In Q4 of fiscal 2022, Disney's media and entertainment segment posted a 3% year-over-year decline in revenue to $12.7 billion and a 91% decline in operating income to $83 million. The significant decline came after Disney invested about $30 billion in content in 2022, working to develop its flagship streaming service, Disney+.
The company's significant investment in streaming paid off as it achieved the highest number of subscribers in the industry in Q3 2022 and maintained its lead in Q4, reporting 236 million users versus Netflix's 223 million.
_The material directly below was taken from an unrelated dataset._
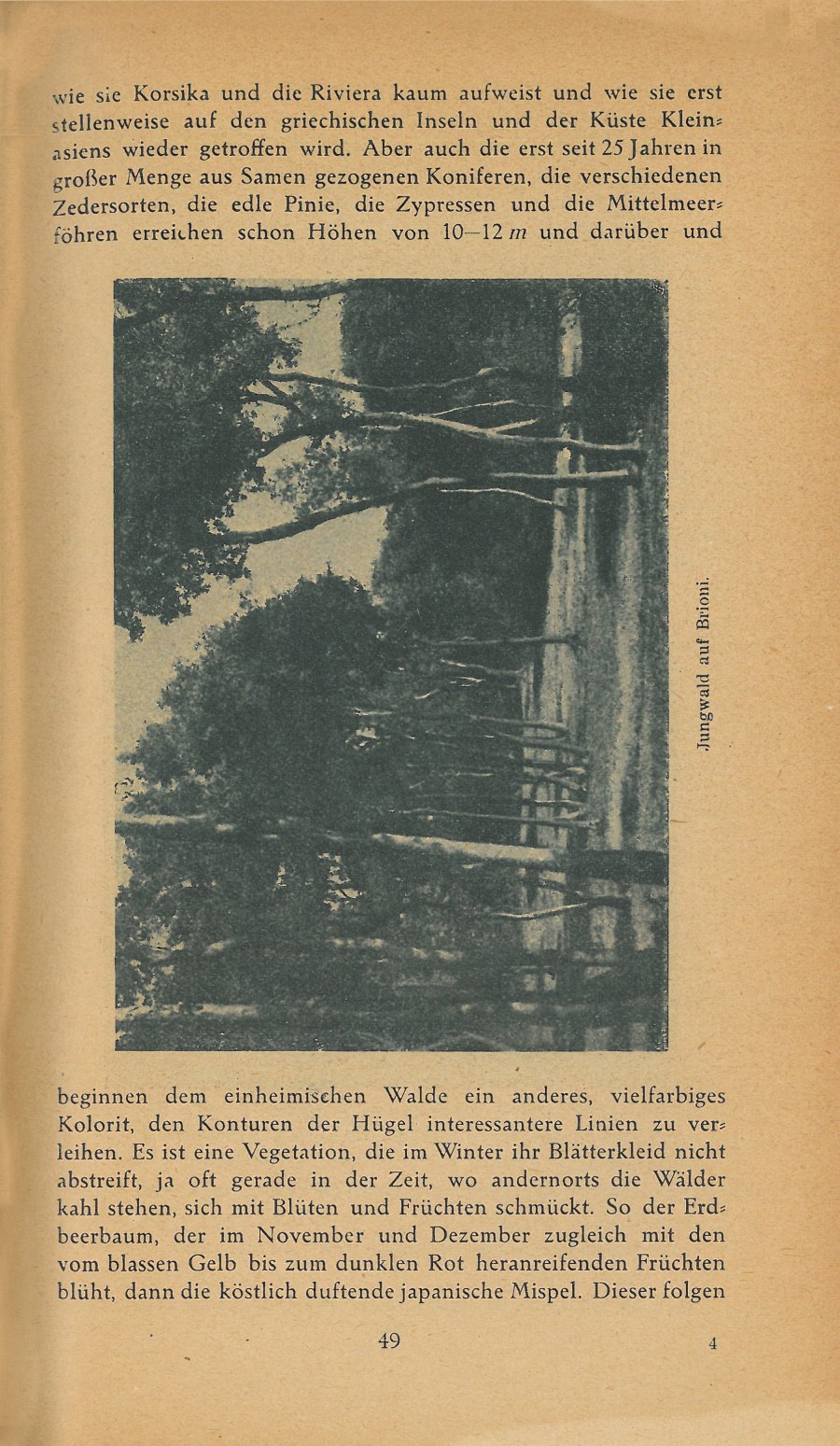 Führer durch Brioni · Str. 51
Subsequently, Disney assured investors in Q4 that it expects "reduced operating losses going forward" as it works to achieve Disney+ profitability in fiscal 2024.
According to Grand View Research, the streaming market was worth $59.14 billion in 2021 and will grow at an average annual rate of 21.3% through 2030. Disney's significant content spending in 2022 is worrisome, but leadership in a fast-growing market could pay big dividends in the long run.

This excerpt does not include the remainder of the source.